Roads, drainage, public transport, water systems, sewage networks, affordable housing, parking, solid waste management, climate resilience and digital governance all require long-term capital.
This is where asset monetisation becomes important.
The principle is simple: cities must stop looking at land only as space and start looking at it as capital.
A municipal market in a prime location is not just an old structure.
A vacant plot is not just unused land.
A civic-owned commercial unit is not just an estate entry.
A leased building is not just a legacy contract.
Each of these can become a structured revenue opportunity through auction, redevelopment, lease restructuring, public-private partnership, concession, rent optimisation, premium FAR, commercial development, REIT-style packaging, or digital tax correction.
This does not mean selling every public asset. The smarter approach is not blind disposal. It is asset recycling — unlocking value from underused assets and reinvesting that value into new civic infrastructure.
Why This Trend Is Accelerating Now
Three forces are pushing Indian cities toward asset monetisation.
First, the infrastructure demand is urgent. Public capital expenditure has grown sharply, with Union public capex rising from ₹2 lakh crore in FY2014–15 to ₹12.2 lakh crore budgeted for FY2026–27. The Union Budget 2026–27 also introduced City Economic Regions, with ₹5,000 crore per CER over five years proposed through a reform-and-results-based mechanism.
Second, private capital is looking for structured urban opportunities. Institutional investors prefer transparent assets, clean titles, predictable cash flows and scalable urban demand. Public land, if properly governed, can offer exactly that.
Third, municipal finances are under pressure. Cities need new revenue without overburdening citizens. That makes non-tax revenue — lease income, commercial auctions, redevelopment premiums, parking revenue, advertising rights, public property optimisation and land-value capture — increasingly attractive.

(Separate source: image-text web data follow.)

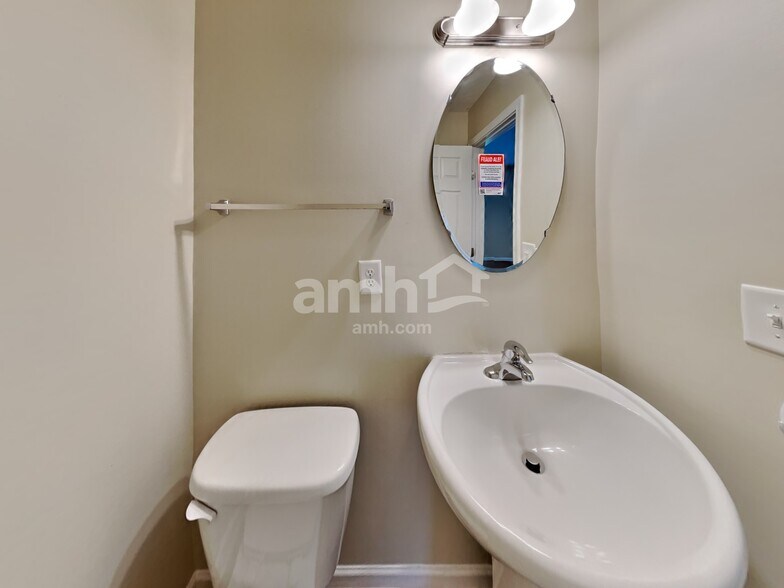 Building Photo - 10918 Tailwater St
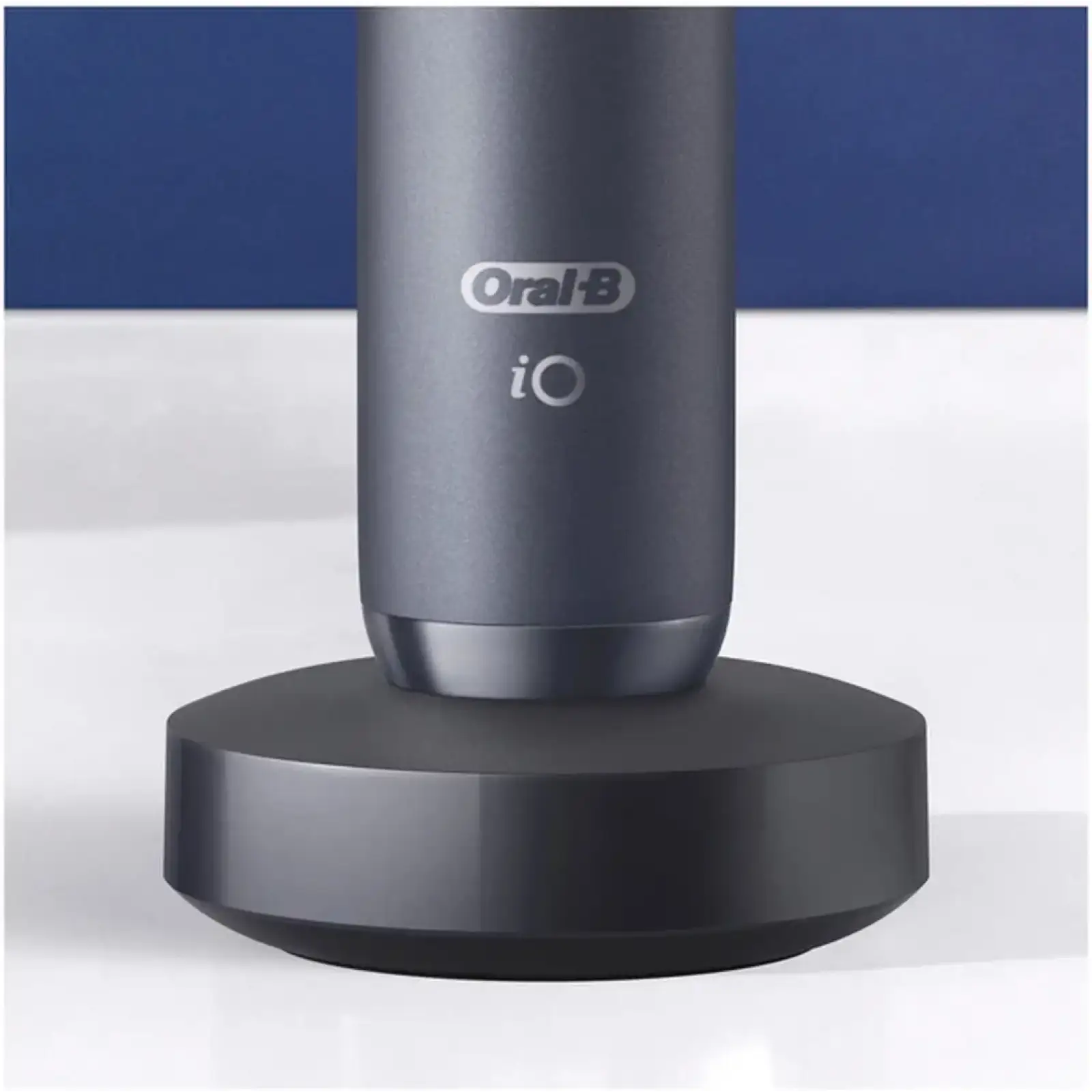 Електрична зубна щітка Oral-B iO Series 8N (iOM8.2Q2BD) Black Onix (4210201408567)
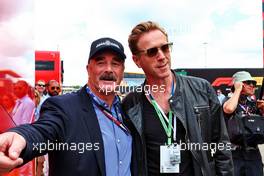 (L to R): Nigel Mansell (GBR) with Damian Lewis (GBR) Actor. 03.07.2022. Formula 1 World Championship, Rd 10, British Grand Prix, Silverstone, England, Race Day.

From Ahmedabad to Ludhiana: The Municipal Asset Playbook Is Changing
Ahmedabad offers a good example of how the conversation is moving from theory to implementation. Reports show that Ahmedabad Municipal Corporation’s Asset Monetisation Cell has been exploring monetisation of municipal properties, reserved plots through PPP models, renting school buildings during off-hours, and even allowing private bus operations in BRTS corridors. The cell became operational in March 2025.
This is a crucial signal.
Cities are no longer only asking:
“How much tax can we collect?”
They are now asking:
“What do we own, what is underutilised, and how can it generate recurring value?”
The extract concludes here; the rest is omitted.